Fresh off becoming Britain's most-decorated Olympian, cyclist Bradley Wiggins is back in the news, as he updated his Twitter followers Wednesday night with details of how his celebration was going.
"Well what a day, blind drunk at the minute and overwhelmed with all the messages," Wiggins tweeted to his more than 400,000 followers. "Thank You everyone it's been emotional X."
That message followed an even more to-the-point, "Getting wasted at at StPauls," which was accompanied by Instagram photos showing the time-trial gold medalist hoisting a cocktail and posing for the camera with the famed cathedral dome lit up in the night behind him.
As the AP reports, it's not the first time Wiggins has had a liquid celebration — and among Olympians in London, he's far from alone:
"After appearing at his second Olympics in 2004, Wiggins was downing drinks for months after the Athens cauldron was extinguished. Now he says the drinking is under control."
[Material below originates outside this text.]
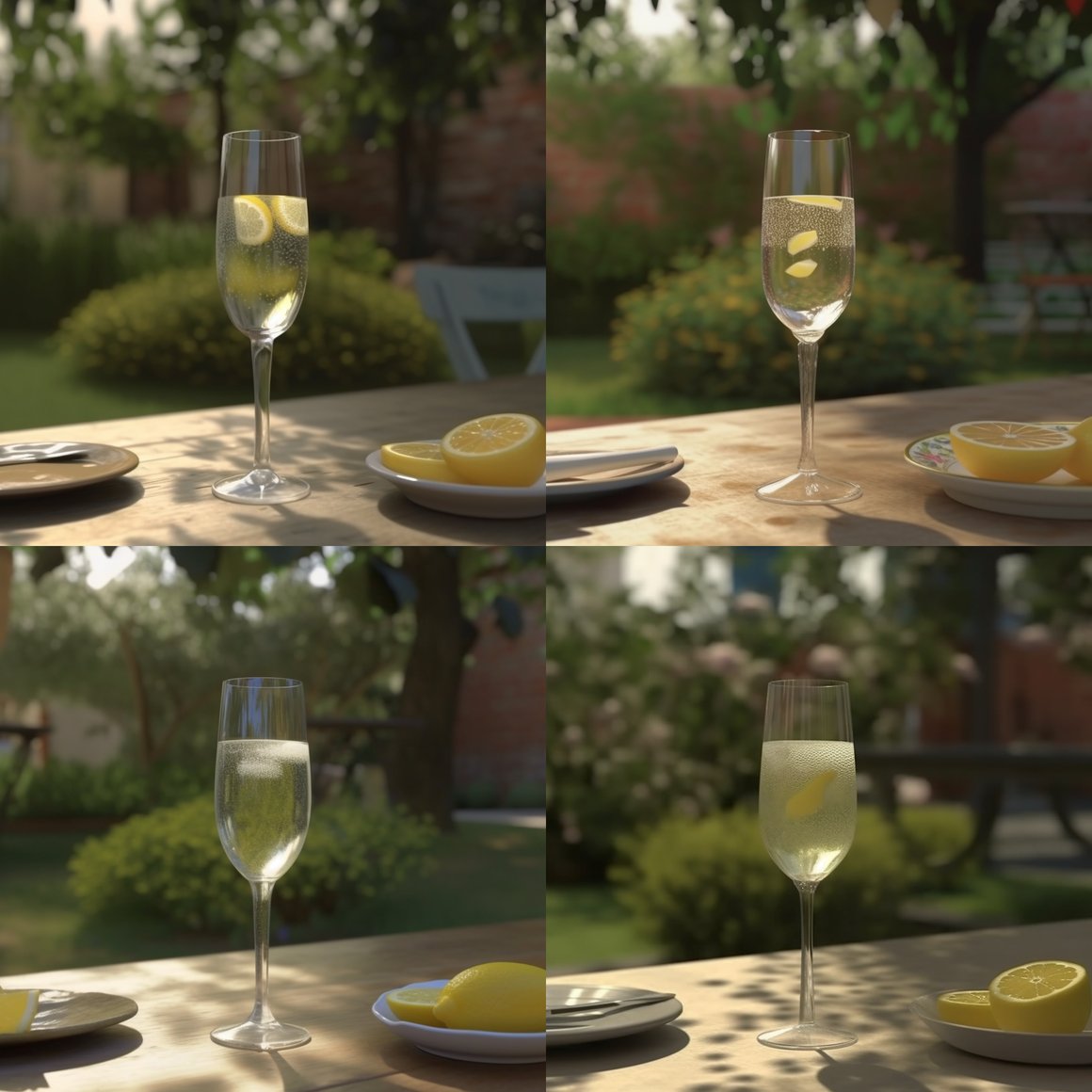 Summer Italian Escape: Realistic 4K French 75 Experience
"'I lead a pretty normal life,' he said between sips of a vodka and tonic on Wednesday night. 'I'm not a celebrity. I will never be a celebrity.'"
If Wiggins isn't careful, he won't have that status for long. After all, he became Britain's first-ever winner of the Tour de France last month. And he followed it up by capturing his record seventh Olympic medal — a combo that's reportedly never before been achieved in the same year.
Wiggins has certainly captured the imagination of both his admirers and the media, some of whom visibly struggle not to call him by his unofficial nickname of Wiggo. Even before Wednesday's escapades, his Twitter account was a hit, with his plain-spoken and wry sense of humor.
For instance, here's his first tweet from the London Games: "Just arrived at the Olympics, got all me kit, still think Stella was a bit Lucy in the Sky when she knocked this one up."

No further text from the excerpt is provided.